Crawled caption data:

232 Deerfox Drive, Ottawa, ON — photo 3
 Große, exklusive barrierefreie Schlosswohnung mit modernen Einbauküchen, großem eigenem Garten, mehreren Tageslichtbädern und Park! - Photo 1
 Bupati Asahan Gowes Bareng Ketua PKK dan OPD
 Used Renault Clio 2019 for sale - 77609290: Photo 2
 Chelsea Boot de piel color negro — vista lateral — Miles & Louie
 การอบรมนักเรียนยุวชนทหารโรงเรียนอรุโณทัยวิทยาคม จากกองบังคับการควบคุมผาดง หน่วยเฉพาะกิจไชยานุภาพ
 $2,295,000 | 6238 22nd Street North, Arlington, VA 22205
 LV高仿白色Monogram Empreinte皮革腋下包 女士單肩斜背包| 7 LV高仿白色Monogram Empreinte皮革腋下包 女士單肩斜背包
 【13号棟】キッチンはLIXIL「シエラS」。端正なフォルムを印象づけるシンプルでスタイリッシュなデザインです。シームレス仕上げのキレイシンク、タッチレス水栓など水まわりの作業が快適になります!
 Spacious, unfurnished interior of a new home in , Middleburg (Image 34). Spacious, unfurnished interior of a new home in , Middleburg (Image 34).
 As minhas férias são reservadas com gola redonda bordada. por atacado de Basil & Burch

* Assigned task
Word for word, output the records that appear above.

* Response to this task
232 Deerfox Drive, Ottawa, ON — photo 3
 Große, exklusive barrierefreie Schlosswohnung mit modernen Einbauküchen, großem eigenem Garten, mehreren Tageslichtbädern und Park! - Photo 1
 Bupati Asahan Gowes Bareng Ketua PKK dan OPD
 Used Renault Clio 2019 for sale - 77609290: Photo 2
 Chelsea Boot de piel color negro — vista lateral — Miles & Louie
 การอบรมนักเรียนยุวชนทหารโรงเรียนอรุโณทัยวิทยาคม จากกองบังคับการควบคุมผาดง หน่วยเฉพาะกิจไชยานุภาพ
 $2,295,000 | 6238 22nd Street North, Arlington, VA 22205
 LV高仿白色Monogram Empreinte皮革腋下包 女士單肩斜背包| 7 LV高仿白色Monogram Empreinte皮革腋下包 女士單肩斜背包
 【13号棟】キッチンはLIXIL「シエラS」。端正なフォルムを印象づけるシンプルでスタイリッシュなデザインです。シームレス仕上げのキレイシンク、タッチレス水栓など水まわりの作業が快適になります!
 Spacious, unfurnished interior of a new home in , Middleburg (Image 34). Spacious, unfurnished interior of a new home in , Middleburg (Image 34).
 As minhas férias são reservadas com gola redonda bordada. por atacado de Basil & Burch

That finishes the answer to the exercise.